L’Opérateur – Le Caméraman
The Cameraman
Fiche technique
Mon avis
Keaton ne signe ni le scénario, ni la réalisation, mais sa patte est partout dans ce film qui est l’un des sommets de sa carrière. Son dernier grand film, selon les historiens du cinéma. On retrouve l’artiste à l’écran dans son personnage de toujours, celui d’un petit homme au faciès imperturbable. Maladroit mais obstiné. Ici amoureux transi, apprenti reporter d’images, débordant d’énergie et bien aidé par un singe malicieux.
Sans atteindre la profondeur de certains films de Chaplin, une dimension symbolique sur le terrain social et politique, le cinéma de Keaton témoigne de qualités tout aussi remarquables en termes de mimes, d’acrobaties, de slapstick. Intelligence du gag, science de la composition des plans et du mouvement, grand sens du rythme, inventivité tous azimuts. L’Opérateur (qui a ensuite été rebaptisé Le Caméraman en France) témoigne de ce génie burlesque. On se régale d’une orchestration millimétrée, de courses folles, d’un scénario comico-mélodramatique bien élaboré, toujours divertissant, à la fois drôle et tendre.
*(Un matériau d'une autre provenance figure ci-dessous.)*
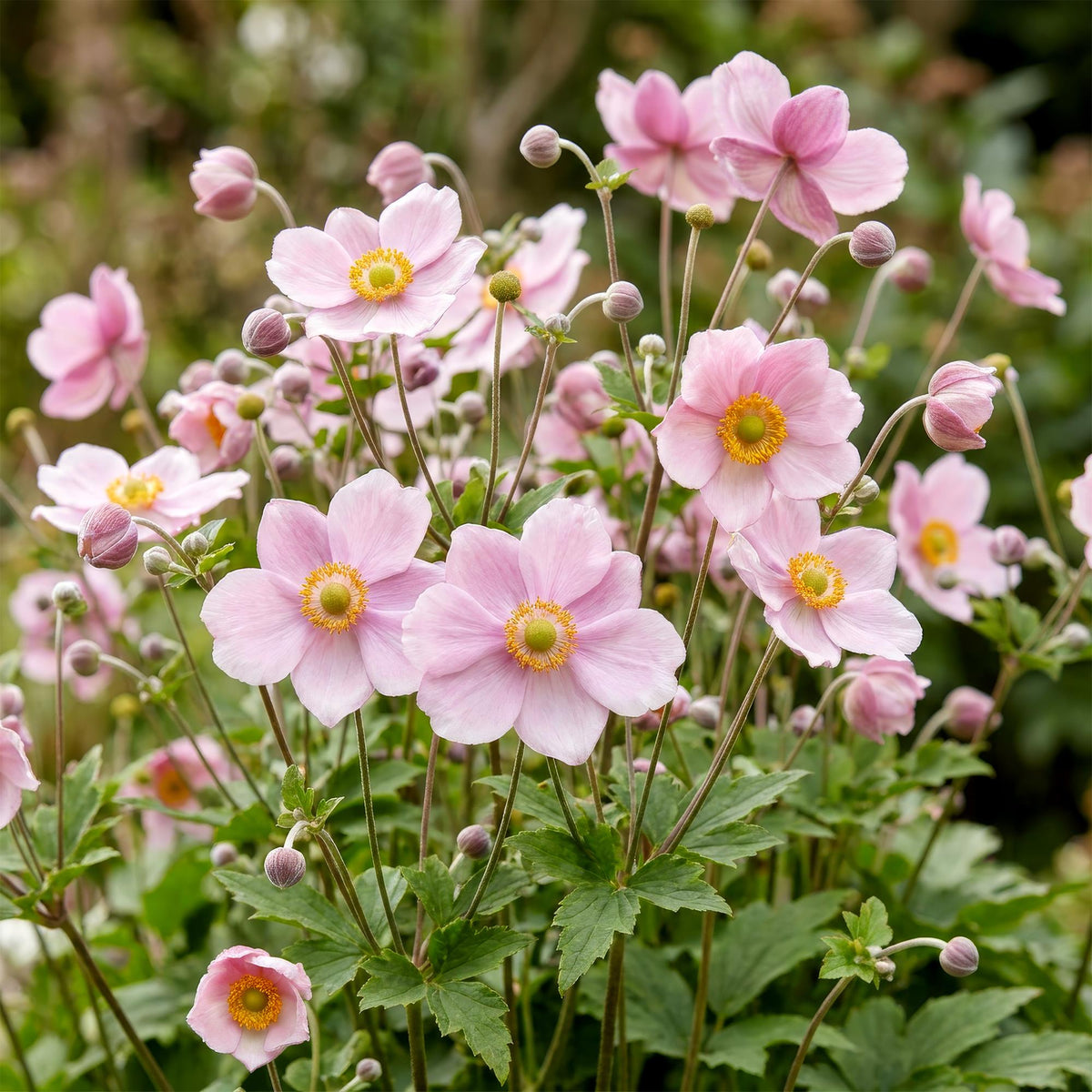 Herbst-Anemone 'Königin Charlotte' – Anemone hybrida 'Königin Charlotte' – 3 Pflanzen – Topf Ø11cm – Ansicht 3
Issu d’une famille d’artistes, Keaton a connu, tout jeune, un apprentissage mouvementé auprès d’un père créateur de spectacles. Sorti du giron familial, il a vraiment lancé sa carrière en 1917 en rejoignant la troupe de Fatty Arbuckle, avant de s’imposer en solo en 1919 avec la réalisation très remarquée d’une série de courts-métrages. S’ensuivit une décennie de succès qui l’a placé à jamais au panthéon du cinéma. Une décennie seulement. La décennie suivante (les années 1930) est assez triste. L’arrivée du cinéma parlant amorce le déclin de sa carrière ; un changement de major lui fait perdre, semble-t-il, son indépendance ; sa vie perso bat de l’aile et devient chaotique (divorce, remariage, redivorce…) ; et l’alcool le détruit peu à peu, comme il avait détruit son père. Dans les années 1940, Keaton est un zombie amer qui tourne quelques pubs et se résigne à des jobs alimentaires. Au début des années 1950, certaines de ses apparitions au cinéma dans des rôles clin-d’œil nous rappellent à son bon souvenir. Dans deux films notamment : Boulevard du crépuscule de Billy Wilder et Les Feux de la rampe de Charles Chaplin. Deux rôles ô combien symboliques et émouvants au regard de sa biographie.
On peut donc voir cet Opérateur, aujourd’hui, comme les derniers feux de l’âge d’or d’un artiste. En souriant et en riant, évidemment. Mais aussi avec une pointe de nostalgie.